Where candidates are being assessed in the same building at the same time, DDI takes extraordinary measures to ensure the hopefuls never encounter each other, thereby maintaining the secrecy of the process.
“There’s no interaction among candidates,” Byham confirms. “We never, ever have them cross in the hallway.”
DDI supplements the information the assessment exercises provide by sending questionnaires to candidates’ managers and others who know them, and they ask the prospects to rate themselves. The result is a trove of hard data presented to the client’s board of directors—the real board, not the actors—who now have no excuse for acting on their “gut.”

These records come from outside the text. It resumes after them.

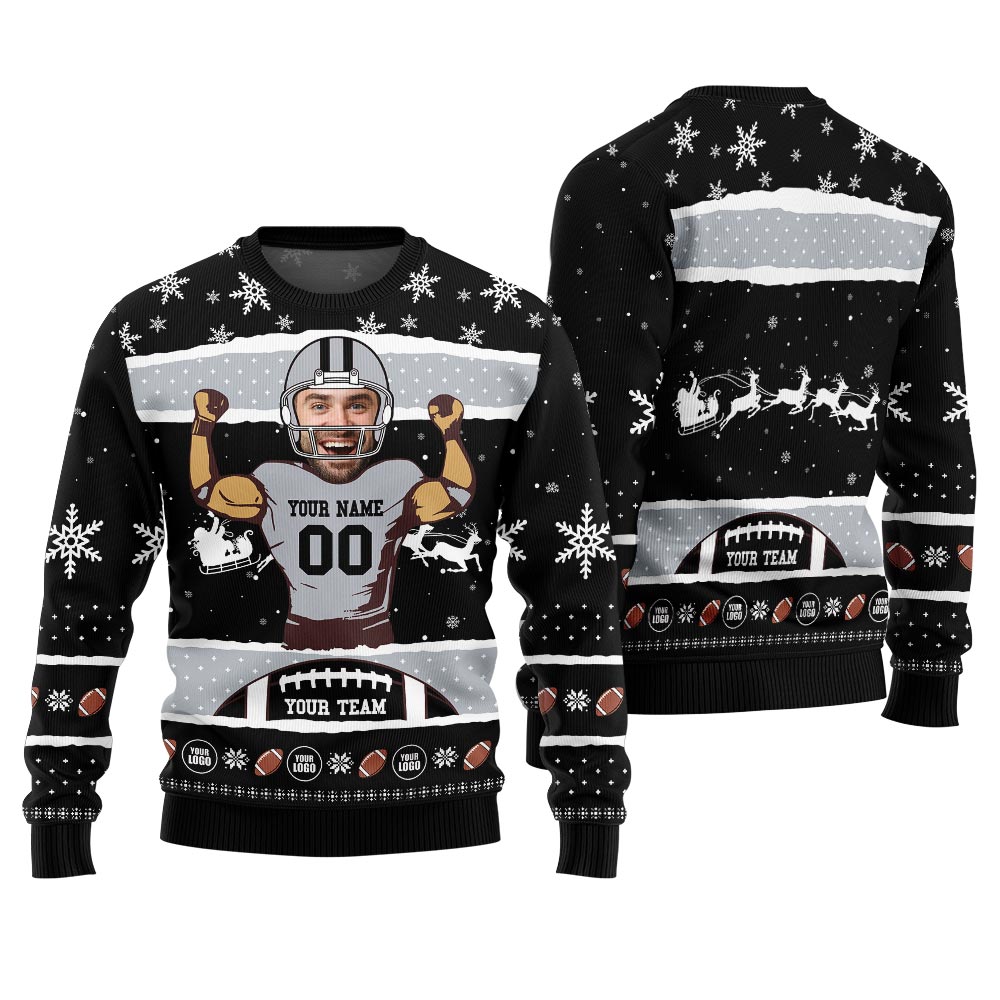 Personalized Face And Name For Football Team Funny Xmas Sweater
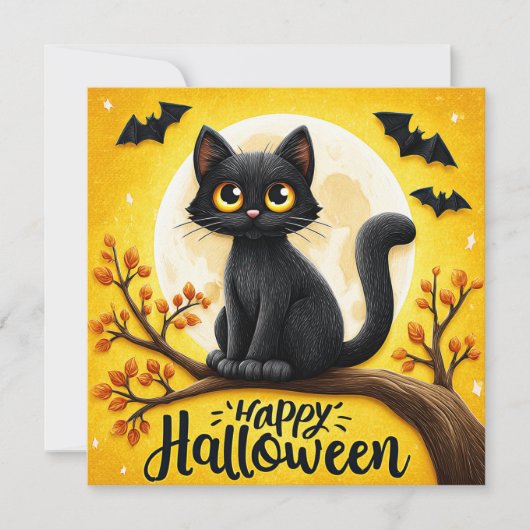 Prettig Halloween Zwarte Kat Kaart (Voorkant)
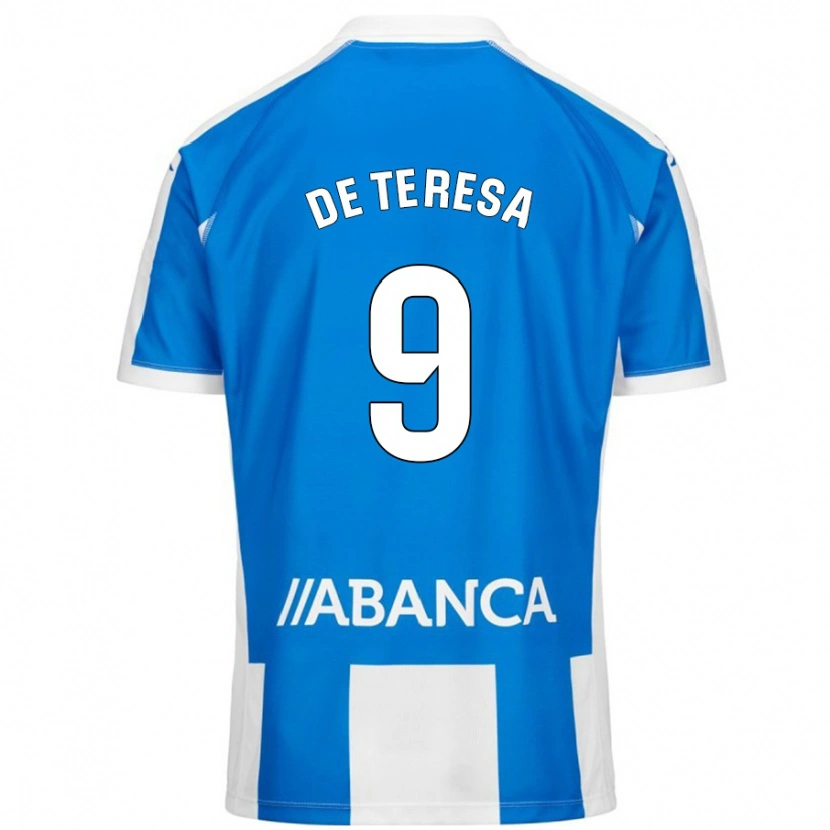 DanxenレディースAna Lucía De Teresa#9ブルーホワイトホームシャツ2024/25ジャージーユニフォーム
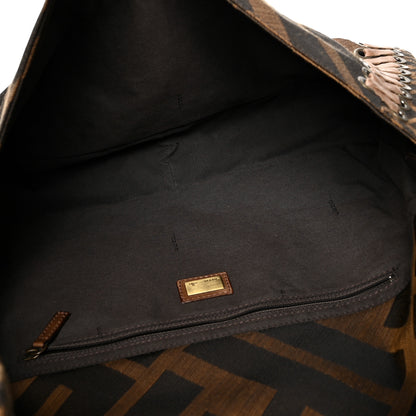 Fendi Fabric FF Diagonal Whipstich Large Convertible Baguette Tobacco 5 of 10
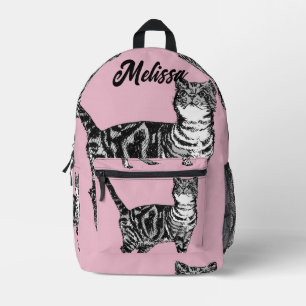Pink Tabby Cat Cats Girls Backpack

“Because of the unparalleled amount of insight that we get from going through our assessment,” Tacy Byham says, “when we sit down with the current CEO for a strategic talent review, the data often ends up showing that the candidate considered the frontrunner is not.
“We’re really landing on the truth, because this is the truth from what your assessors say, from what your team says, from what your manager says, from what the candidate says—all these pieces together get you to that truth.”
Clients usually accept that truth—and are happy when they do. Tacy Byham reports that the CEOs DDI has assessed and helped place have experienced zero turnover, a remarkable record in today’s volatile business world. And it’s likely that the use of CEO assessment will increase. Years ago, requiring high-level prospects to submit to assessment may have seemed demeaning to employers and candidates alike: “Larry, sweetie, I know you’re Sir Laurence Olivier now, but you still have to read for this part.” Now, both groups, if they haven’t embraced assessment, are at least comfortable with it.
Says Bill Byham: “Executive assessment was held back for years because the decision makers would think they were impugning your status to ask you to come to something like that. That’s what’s changed. People expect it now. We’re seeing younger candidates who are more used to it, and companies are just tired of making mistakes.”